Esta martensita, de elevada dureza, confere a resistência ao desgaste das camadas
cementadas e carbonitretadas. A limitação dos teores de alumino no aço visa
restringir a formação do nitreto de alumínio, sendo os teores indicados para que a
influência não se faça sentir, inferiores a 0,012% em peso.
Logo, torna-se importante a realização desta pesquisa, pois diversos itens de
segurança no setor automotivo, automobilístico e construção civil, por exemplo, são
fabricados com este tipo de material, onde uma falha pode acarretar acidentes
catastróficos.
Esperamos identificar as variações ocasionadas no processo, servindo de base para
estudos futuros de parâmetros que podem minimizar o efeito prejudicial causado
pelo alumínio na carbonitretação do aço baixo carbono, como por exemplo, o
refinamento dos grãos, perda da temperabilidade e queda na dureza.

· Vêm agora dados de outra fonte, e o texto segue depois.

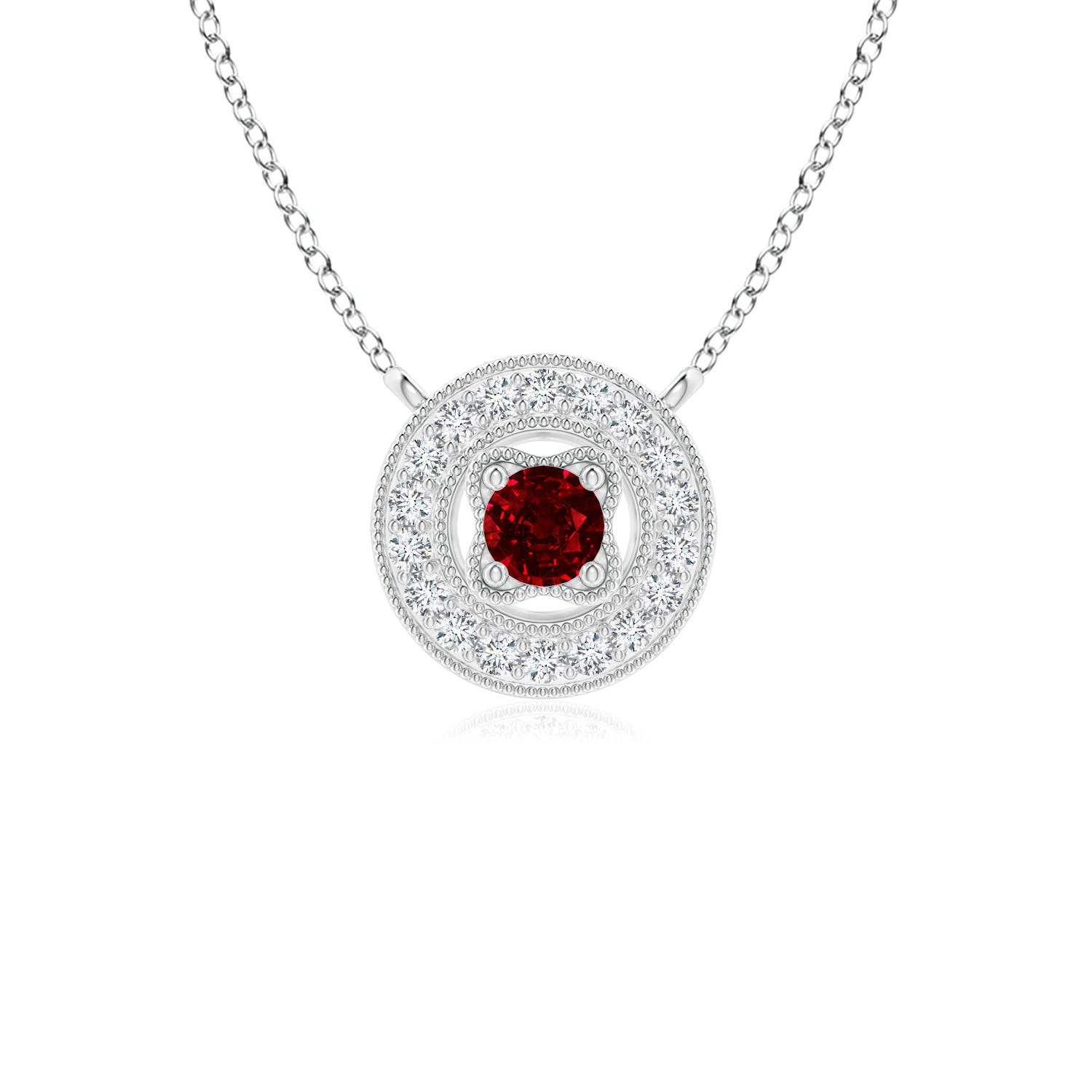 AAAA - Ruby / 0.14 CT / 14 KT White Gold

A adição de alumínio, durante a fabricação do aço, tem a principal finalidade de
desoxidá-lo e desnitrogená-lo, é um desoxidante eficiente e de baixo custo, que
confere efeitos benéficos nos processos de conformação mecânica.
Porém, vale lembrar que teores residuais de alumínio permanecem no aço na forma
de nitreto de alumínio insolúvel, causando um efeito prejudicial às propriedades
metalúrgicas do aço, como por exemplo, a formação de perlita fina na camada
carbonitretada, refinamento de grão, causando variação de dureza superficial,
ocasionando redução significativa da qualidade e durabilidade do produto final.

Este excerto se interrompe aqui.